Dataset content
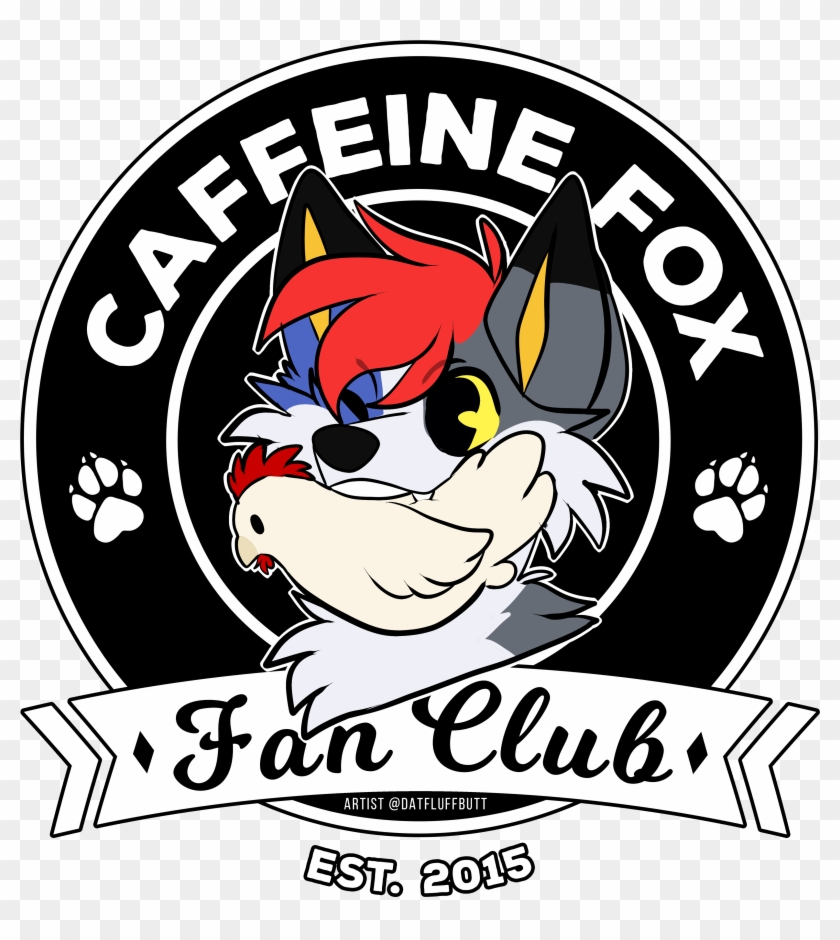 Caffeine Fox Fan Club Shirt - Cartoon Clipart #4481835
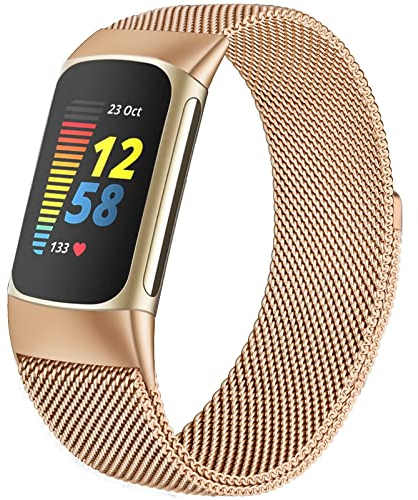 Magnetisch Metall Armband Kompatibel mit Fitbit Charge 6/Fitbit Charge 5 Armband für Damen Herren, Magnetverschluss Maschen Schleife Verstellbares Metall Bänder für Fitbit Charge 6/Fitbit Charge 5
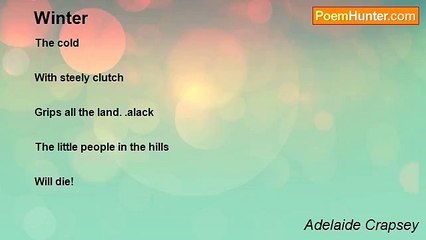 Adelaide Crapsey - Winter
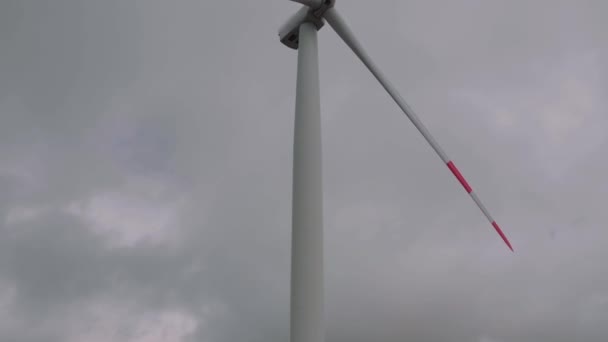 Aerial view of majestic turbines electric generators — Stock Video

How to complete this task
From the first line to the last, copy the listing above exactly, dropping all images.

Result for this task
 Caffeine Fox Fan Club Shirt - Cartoon Clipart #4481835
 Magnetisch Metall Armband Kompatibel mit Fitbit Charge 6/Fitbit Charge 5 Armband für Damen Herren, Magnetverschluss Maschen Schleife Verstellbares Metall Bänder für Fitbit Charge 6/Fitbit Charge 5
 Adelaide Crapsey - Winter
 Aerial view of majestic turbines electric generators — Stock Video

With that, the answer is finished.